The Coca-Cola headquarters in Atlanta, Georgia, designed by FABRAP and completed in 1979.

FABRAP, or Finch, Alexander, Barnes, Rothschild and Paschal, was an architectural firm founded in Atlanta, Georgia in 1958. They specialized in sports stadiums, and developed the headquarters for several major Atlanta businesses.

==History==
In 1948 James H. "Bill" Finch and Miller Barnes, two Georgia Institute of Technology graduates, joined to form architectural firm Finch and Barnes. Caraker Paschal, also a Georgia Tech graduate, became a partner in 1957 to form Finch Barnes and Paschal.

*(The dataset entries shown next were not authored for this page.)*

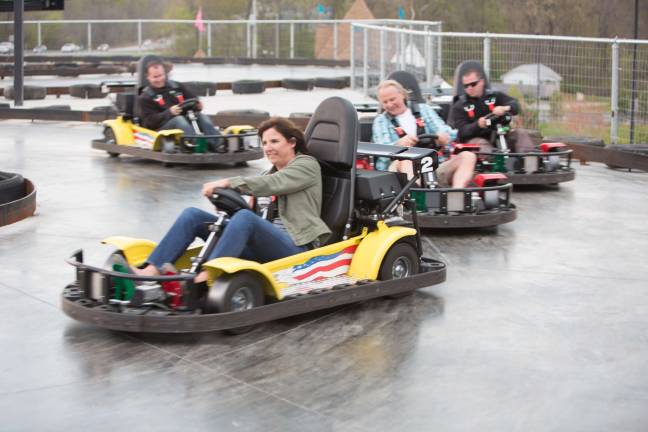 The Castle announces grand opening of third go kart track The Castle Fun Center owners, Brian (center) and Alison Leentjes, taking a spin on their new slick track. Grand opening of their third go kart track is set for Friday, June 13.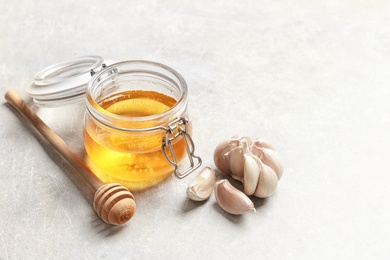 Photo of Jar with honey and garlic as cold remedies on table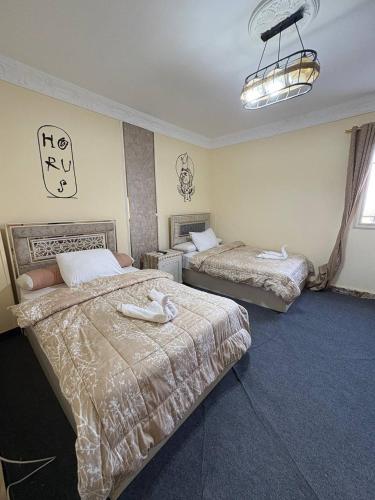 a hotel room with two beds and a chandelier at Sneferu Pyramids View in Cairo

In 1958 Cecil Alexander and Bernard "Rocky" Rothschild joined the firm to create FABRAP. FABRAP embraced the International style popular at the time.

FABRAP partnered with Heery and Heery, another major Atlanta architecture firm, in 1965 to develop the Atlanta–Fulton County Stadium. Following the quick completion of this stadium, the partnership gained a large business in developing sports facilities, including the $45 million Riverfront Stadium in Cincinnati, Ohio in 1970. FABRAP was hired and partnered with other firms to develop the headquarters for First National Bank in 1966, Coca-Cola in 1979, and Southern Bell in 1982.

In 1984 FABRAP merged with Atlanta engineering firm Rosser White Hobbs Davidson McClellan Kelly to form Rosser Fabrap International. In 1993 the firm was renamed Rosser International.